Just use that class and do this in a test program.

	MachoManURLTester *URLTester = [MachoManURLTester sharedTester];
	[URLTester startURLTrashDance];

And to answer your earlier question, YES the file reference urls do collide.

Accepted Answer

Doesn't appear to be what's going on in this case. I made this dumb little test which can easily reproduce the issue (sorry, can't get code to format well on these forums).

Interesting. So, I can actually explain what's going on, and it's actually not the cache.

So, architecturally, NSURL has two different mechanisms for tracking file location— "path" and "file reference". Path works exactly the way you'd expect (it's a string-based path to a fixed location), while file reference relies on low-level file system metadata to track files. Critically, this means that the file reference will track the object as it's moved/modified within a volume.

Secondly, keep in mind NSURLs are generally "data" objects, meaning they don't "proactively" update their content.

So, the actual issue here starts here:

if (![fm trashItemAtURL:untitledFour resultingItemURL:&resultingURL error:nil])

At the point that method returns, "untitledFour" is no longer entirely coherent, as its path points to the original location, but its reference points to the file in the trash. You can see this for yourself by running this at the top of compareBothURLS:

NSURL* pathURL = untitledFour.filePathURL;
NSURL* refURL = untitledFour.fileReferenceURL;

NSLog(@"1 %@", untitledFour.path);
NSLog(@"2 %@", pathURL.path);
NSLog(@"3 %@", refURL.path);
	
NSLog(@"A %@", untitledFour.fileReferenceURL.description);
NSLog(@"B %@", pathURL.fileReferenceURL.description);
NSLog(@"D %@", refURL.fileReferenceURL.description);

What you'll find is that:

  • In the first log set, "1" & "2" will match, both pointing to the original file location. "3" will not, pointing to the trash instead.

  • In the second log set, "A" & "C" will match, while "B" will not.

More specifically, the strings returned in the second log set will have this format:

file:///.file/id=<number>.<number>/

...and the second number will be different for "B".

With all that context:

(1) The reason getRelationship is returning "same" is that it primarily relies on file reference data and the reference data points to the file in the trash. There's an argument that it shouldn't do this, however. In its defense, using the reference data makes it much easier to sort out issues like hard-linked files and/or symbolic links allowing multiple references to the same file.

(2) The reason "removeCachedResourceValueForKey" changed the behavior is that it deleted the file reference data, forcing NSURL to resolve the data again. You'll actually get exactly the same effect if you test with "untitledFour.filePathURL".

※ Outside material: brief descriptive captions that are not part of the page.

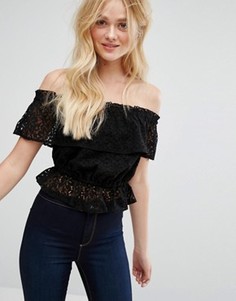 Кружевной топ с широким вырезом Miss Selfridge - Черный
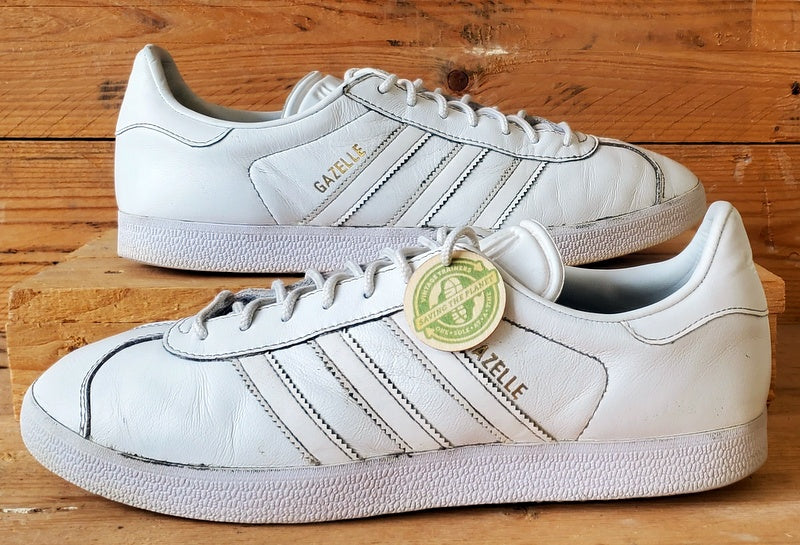 Adidas Gazelle Low Leather Trainers UK10/US10.5/EU44.5 BB5498 White –  VintageTrainers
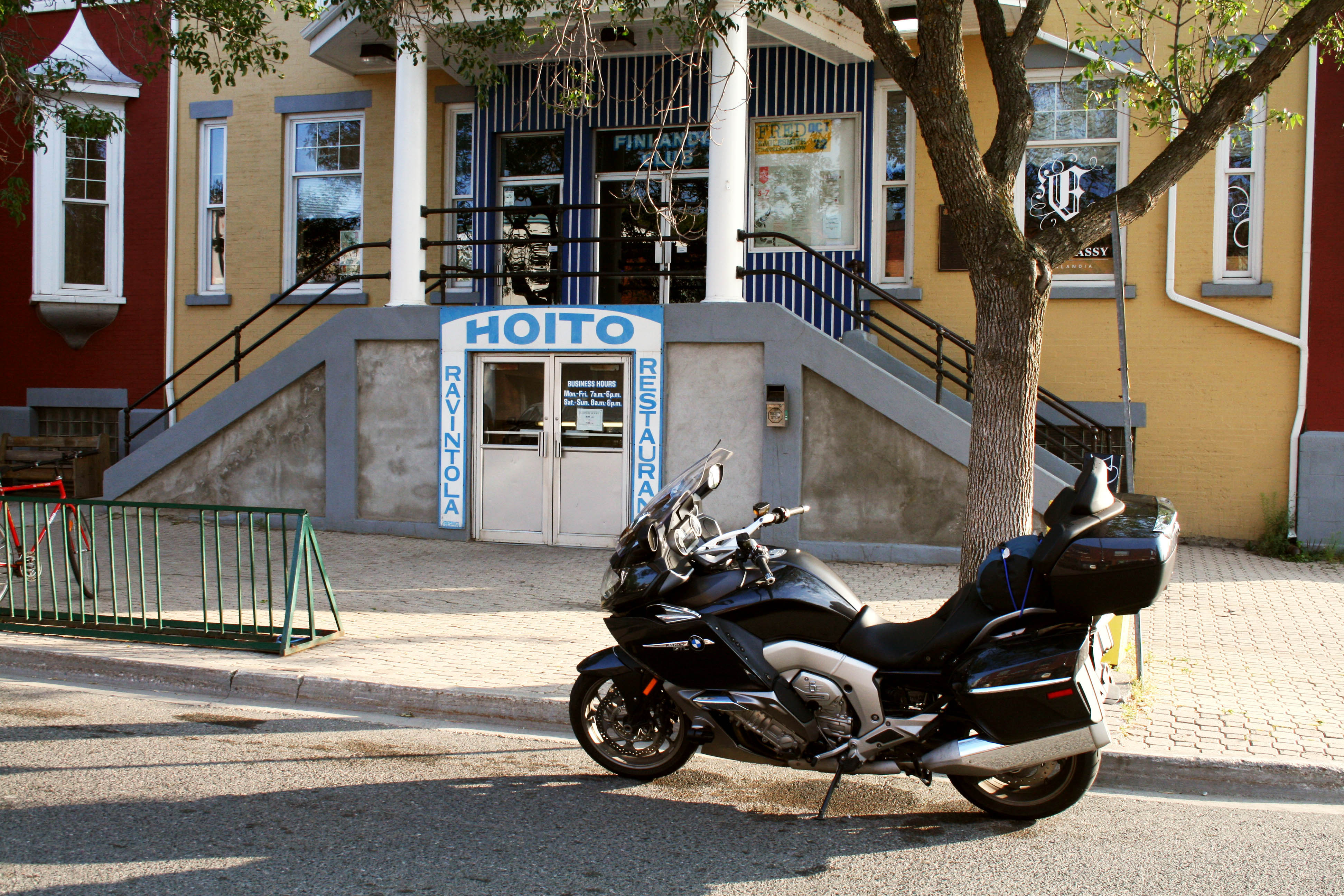 Motorcycle Parked at the Historic Hoito Pancake House in Thunder Bay Ontario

What I'd highlight here is that the "right" behavior here isn't entirely clear. That is, is the problem that "getRelationship" is claiming that two different paths are "the same file"? Or is the problem that NSURL is returning the wrong path value for a specific file?

That question doesn't have a direct answer because the system doesn't really "know" what you actually want— are you trying to track a particular "object" (fileReferenceURL) or are you trying to reference a particular "path" (filePathURL)? It doesn't "know", so it's ended up with an slightly different object that's tracking both...

...but you can tell it what you want, at which point the API will now do exactly what you'd expect. More specifically, you can change the behavior by forcing the URL type you want immediately after you create the directory:

    if (![fm createDirectoryAtURL:untitledFour withIntermediateDirectories:YES attributes:nil error:nil])
    {
        NSLog(@"Test failed");
        return;
    }
    
#if 1
    untitledFour = untitledFour.fileReferenceURL;
#else
    untitledFour = untitledFour.filePathURL;
#endif

Strictly speaking, you could set "filePathURL" anywhere you want, but you can't create a fileReferenceURL to a non-existent object, so it needs to be after the create. In any case, either of those two configurations works the way you'd expect.

__
Kevin Elliott
DTS Engineer, CoreOS/Hardware

Very interesting. Thanks a lot for the detailed responses. As I mentioned briefly in a previous post I stumbled across this commenting out some things to test out an error handling code path. As a result of the matching NSURLFileResourceIdentifierKey the wrong error message was logged. In my app's case this is basically a harmless bug because I do nothing but the behavior did spark my curiousity. In any case I will most likely be removing -getRelationship: calls from app entirely soon.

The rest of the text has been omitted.